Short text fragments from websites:
*-*-*
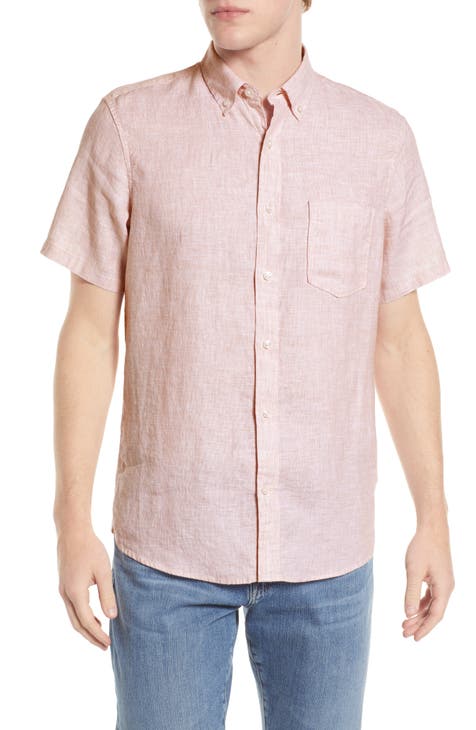 Trim Fit Short Sleeve Linen Button-Down Shirt (Regular, Big & Tall)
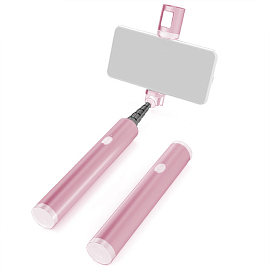 Монопод (палка для селфи) Bluetooth с кнопкой и подсветкой Remax RL-EP01 розовый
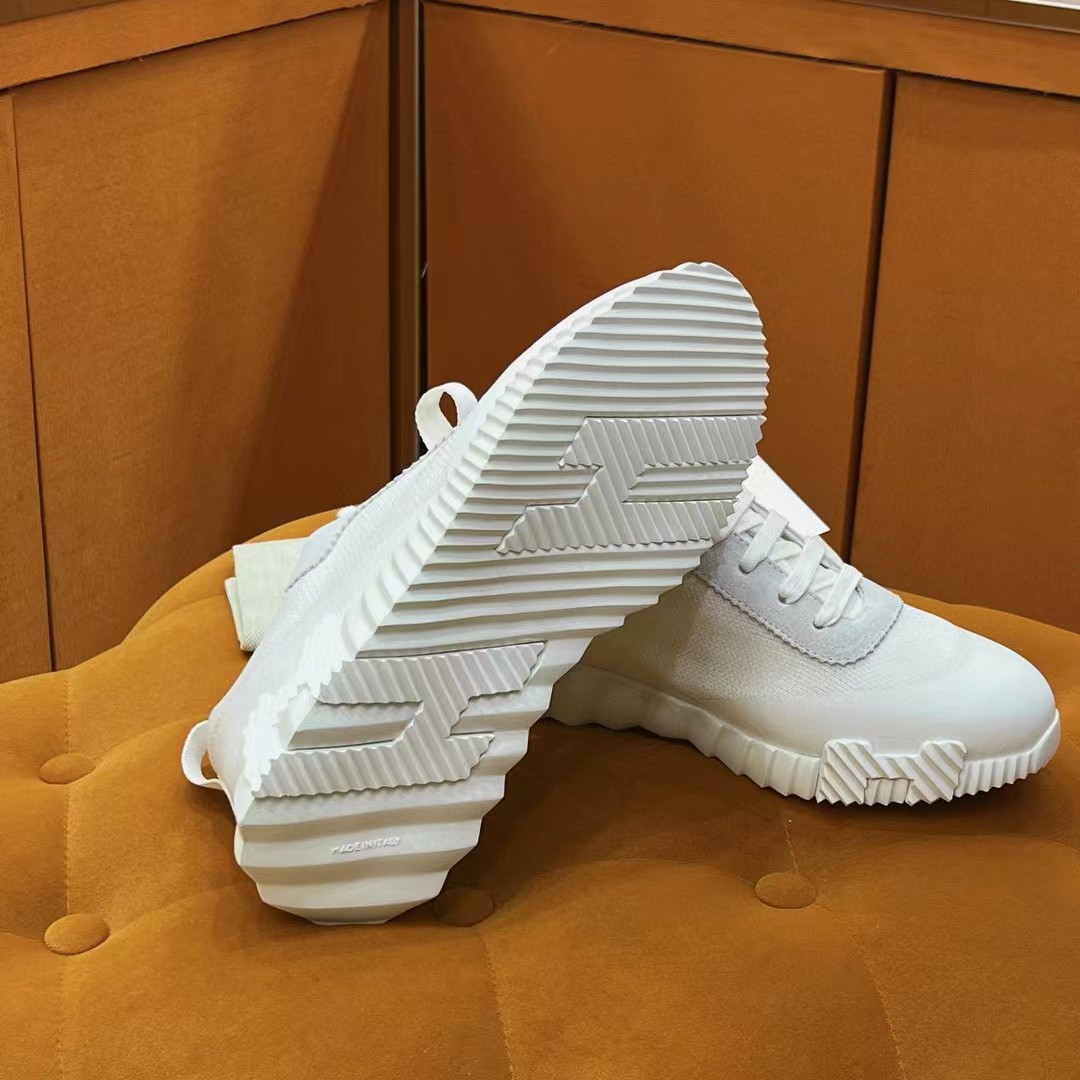 TOP HERMES Sneakers - White with 9 Different Logos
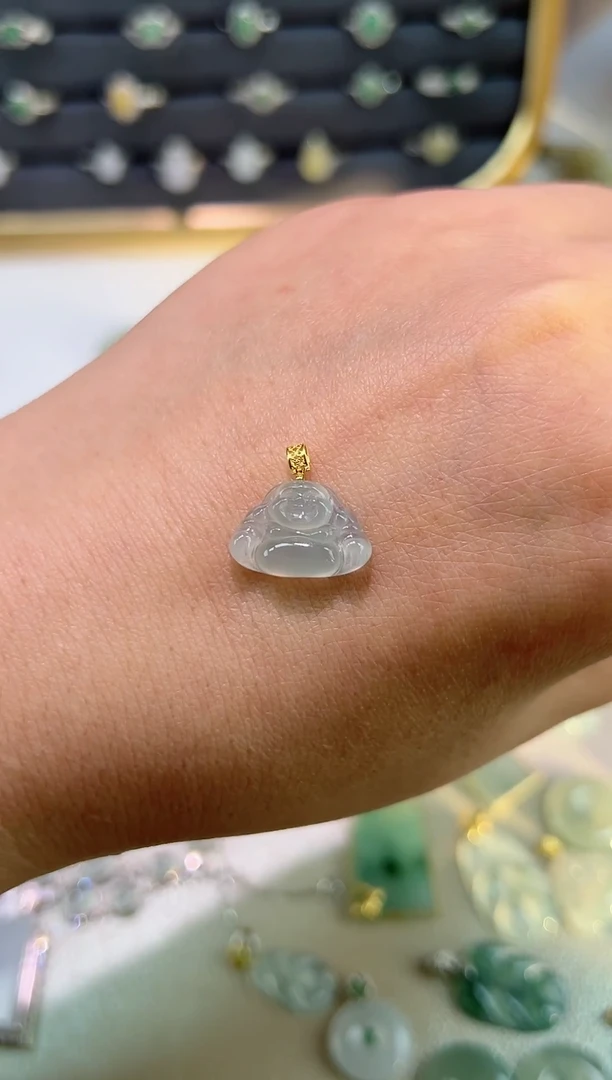 【闪购商品】翡翠颈饰18K金镶嵌佛公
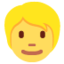 Person: blond hair Twitter/X emoji
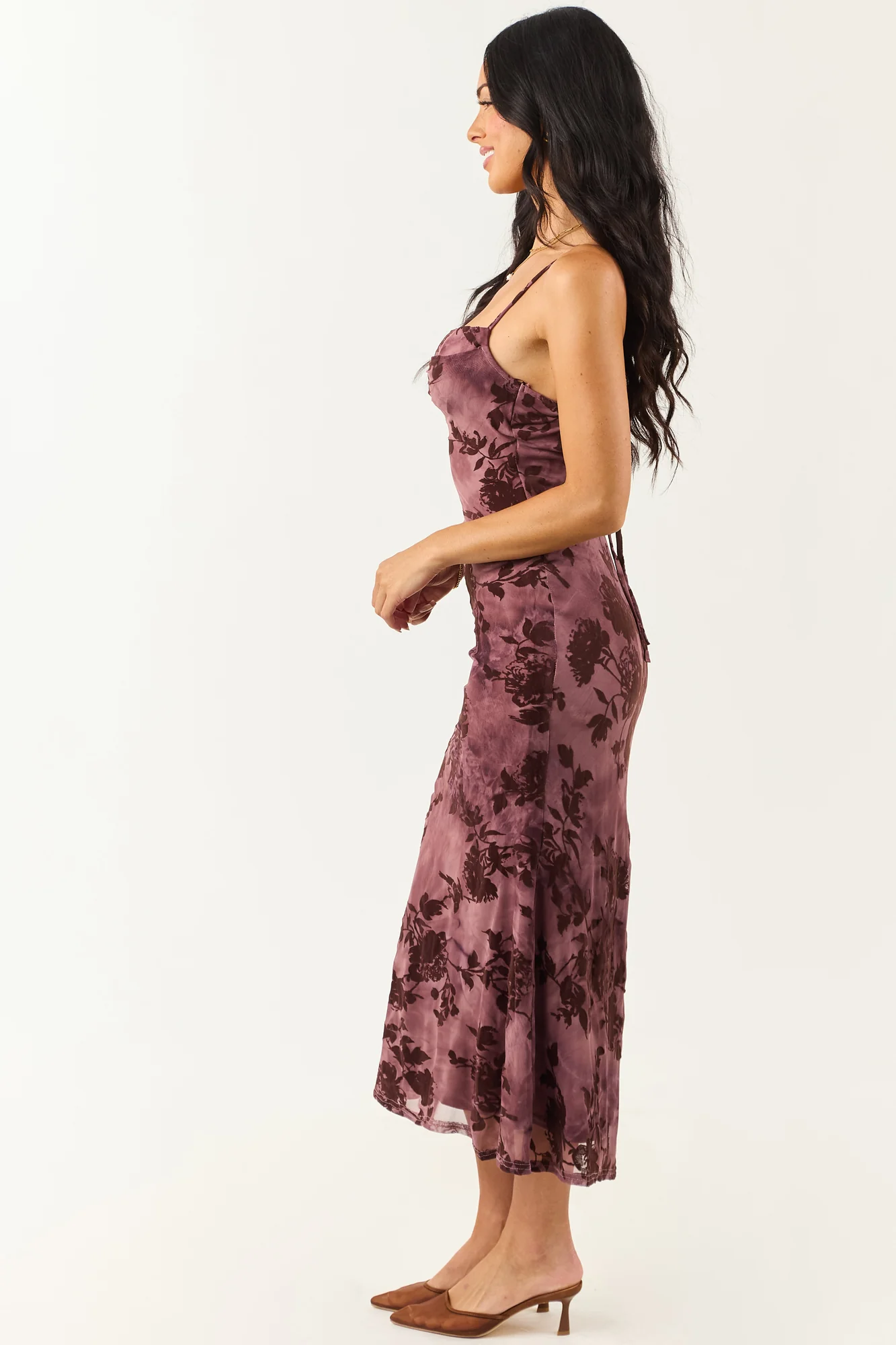 Purple Floral Velvet Mesh Bodycon Midi Dress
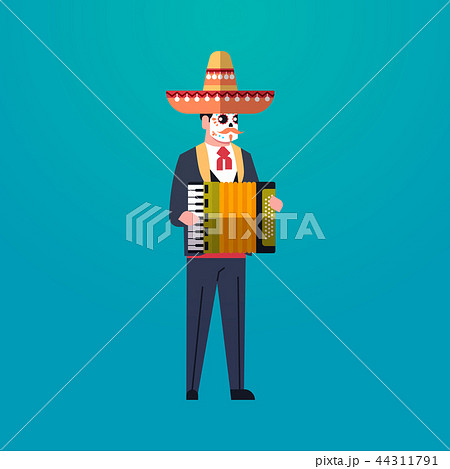 day of dead traditional mexican halloween man wearing traditional clothes playing accordion skeleton 44311791
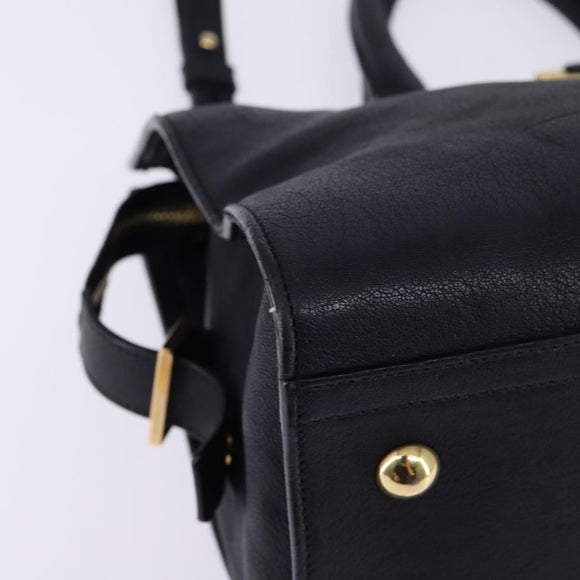 SAINT LAURENT Cavas Chic Hand Bag Leather 2way Black Gold Auth am9031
*-*-*
Extract all the entries word for word; omit any pictures.

 Trim Fit Short Sleeve Linen Button-Down Shirt (Regular, Big & Tall)
 Монопод (палка для селфи) Bluetooth с кнопкой и подсветкой Remax RL-EP01 розовый
 TOP HERMES Sneakers - White with 9 Different Logos
 【闪购商品】翡翠颈饰18K金镶嵌佛公
 Person: blond hair Twitter/X emoji
 Purple Floral Velvet Mesh Bodycon Midi Dress
 day of dead traditional mexican halloween man wearing traditional clothes playing accordion skeleton 44311791
 SAINT LAURENT Cavas Chic Hand Bag Leather 2way Black Gold Auth am9031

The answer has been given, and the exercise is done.